El aburrimiento, que es la siembra triste de la rutina en el alma, puede extenderse a las horas libres de quien dispone de ellas pero ignora en qué emplearlas, qué desea o si, aun sabiéndolo, no puede arriesgarse a concretarlo. Por lo demás, en los días de siempre puede ocurrir lo súbito, lo inesperado. Es que no hay, en verdad, días de siempre. La perplejidad, la tragedia, el contratiempo o la poesía se agazapan en lo habitual y de pronto irrumpen, caen sobre el que se jacta de saber quién es o está seguro de saber dónde se encuentra. Son vivencias que trastocan lo esperable. Liberan al mundo propio de familiaridad. Despejan la emoción y el discernimiento, para bien o para mal.
Al estar excesivamente inscriptos en los significados sociales dominantes, que a cada uno le atribuyen un lugar y una función, poco sabemos ser cuando dejamos esa inscripción atrás. Pero libre, si aprendemos a interrogarlo, es también el tiempo de ese desconocimiento conquistado. Si su curso se ve alentado por la convicción de que en él tenemos lugar como personas y sus horas habilitan nuestra presencia. Y eso puede suceder tanto un sábado como un martes. Al salir del empleo o en mitad de la tarea. Ese tiempo, más que una promesa, es un hecho. Un hecho secretamente aprontado en el alma de cada uno de los que no saben vivir sin él.

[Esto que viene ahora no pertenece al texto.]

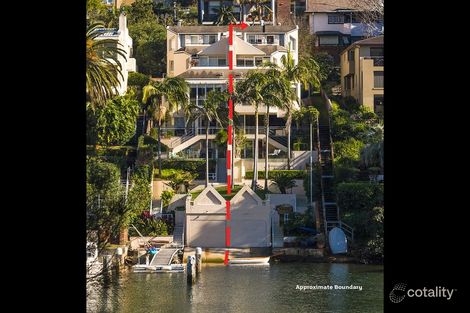 Property photo of 35B Shellcove Road Kurraba Point NSW 2089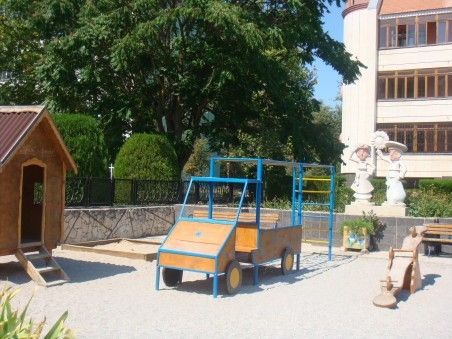 МЕЧТА, санаторий (Евпатория) - 12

Tiempo libre. Tiempo de lo repentino. Libre de las telarañas de lo previsible. Sin hora fija. Sin ubicación precisa en el almanaque. Tiempo de dudas y preguntas. Tiempo liberado de toda previsibilidad, abierto a la súbita lucidez y a la emoción renacida. Libre de rejas que encarcelan en la resignación. En casos como estos, el tiempo libre y los horarios preestablecidos se divorcian, dejan de ser correlativos. La libertad ya no nos aguarda, con su promesa redentora, únicamente en el fin de semana o en las vacaciones. Se presenta ante nosotros de golpe, como oportunidad y como ofrenda. Se es libre entonces de la mano de un sentimiento innovador del tiempo. De la conciencia cabal de nuestra presencia en el mundo. Del advenimiento del prójimo como aquel que irrumpe ante nosotros y, por obra del tiempo libre, se convierte en una formidable invitación al encuentro.